54 ↗(On Diff #189796)

Why are we escaping the graves and single-quotes?

Also, nit: when possible with regex strings, please use raw strings. Doing so makes it way easier to reason about what Python's going to transform in the string literal before the regex engine gets to see it.

58 ↗(On Diff #189796)

nit: please pipes.quote instead of adding manual quotes

62 ↗(On Diff #189796)

nit: please simplify to del matches[:-5]

63 ↗(On Diff #189796)

nit: pipes.quote please

76 ↗(On Diff #189796)

nit: probably better to concatenate these; otherwise, I think we'll end up with a lot of spaces between these sentences? e.g.

help="The path to the llvm-not executable. "
     "Required if [...]")
108 ↗(On Diff #189796)

I hate being *that* person, this technically isn't portable Python. I don't honestly know if we care about not-CPython being able to run our code, but the fix is to simply use with open(...) as f: instead of this one-liner.

(Specifically, CPython uses refcounts, so testfile will always be closed promptly, unless CPython decides someday to make files cyclic with themselves. GC'ed python implementations might take a while to flush this file and clean it up, which would be bad...)

113 ↗(On Diff #189796)

Does creduce try and jump out into its own pgid? If not, I think this try/except block can be replaced with sys.exit(subprocess.call([creduce, testfile, file_to_reduce]))

120 ↗(On Diff #189796)

nit: this is implied; please remove

akhuang updated this revision to Diff 190126.Mar 11 2019, 11:11 AM
akhuang marked 15 inline comments as done.
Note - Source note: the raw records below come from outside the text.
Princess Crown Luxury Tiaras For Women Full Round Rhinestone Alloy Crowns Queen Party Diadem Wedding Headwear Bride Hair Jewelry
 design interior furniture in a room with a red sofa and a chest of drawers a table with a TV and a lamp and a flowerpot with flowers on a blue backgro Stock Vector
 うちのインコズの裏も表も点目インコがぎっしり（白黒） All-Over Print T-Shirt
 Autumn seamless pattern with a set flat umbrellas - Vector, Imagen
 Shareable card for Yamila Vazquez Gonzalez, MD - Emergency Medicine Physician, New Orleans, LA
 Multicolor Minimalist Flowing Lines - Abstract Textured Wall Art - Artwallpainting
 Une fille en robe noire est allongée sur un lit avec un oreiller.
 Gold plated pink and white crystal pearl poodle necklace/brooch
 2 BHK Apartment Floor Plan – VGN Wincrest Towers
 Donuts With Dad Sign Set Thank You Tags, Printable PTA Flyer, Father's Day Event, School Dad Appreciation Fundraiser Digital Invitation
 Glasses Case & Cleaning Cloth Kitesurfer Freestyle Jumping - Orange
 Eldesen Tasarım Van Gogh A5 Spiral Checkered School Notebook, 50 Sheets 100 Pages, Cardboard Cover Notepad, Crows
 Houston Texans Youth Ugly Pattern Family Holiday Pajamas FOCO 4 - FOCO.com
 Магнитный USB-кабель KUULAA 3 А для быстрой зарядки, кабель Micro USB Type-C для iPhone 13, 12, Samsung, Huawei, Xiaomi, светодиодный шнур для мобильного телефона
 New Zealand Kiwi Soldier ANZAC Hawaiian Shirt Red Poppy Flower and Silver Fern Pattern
Addressed readability comments

The new diffs should not be relative to the previously uploaded diff, but to the git master/svn trunk.

akhuang added inline comments.Mar 11 2019, 11:15 AM
clang/utils/creduce-clang-crash.py
43 ↗(On Diff #189796)

check_output() raises an error when the return code is nonzero, which it is in this case. I think communicate() calls wait(), though.

49 ↗(On Diff #189796)

cmd is already quoted, since it's read out of another file

joerg added a subscriber: joerg.Mar 11 2019, 2:09 PM

For it to be really useful for the majority of bugs, it would be nice to figure out automatically how to get the preprocessing step done and filter out the # lines afterwards. That part alone significantly cuts down the creduce time.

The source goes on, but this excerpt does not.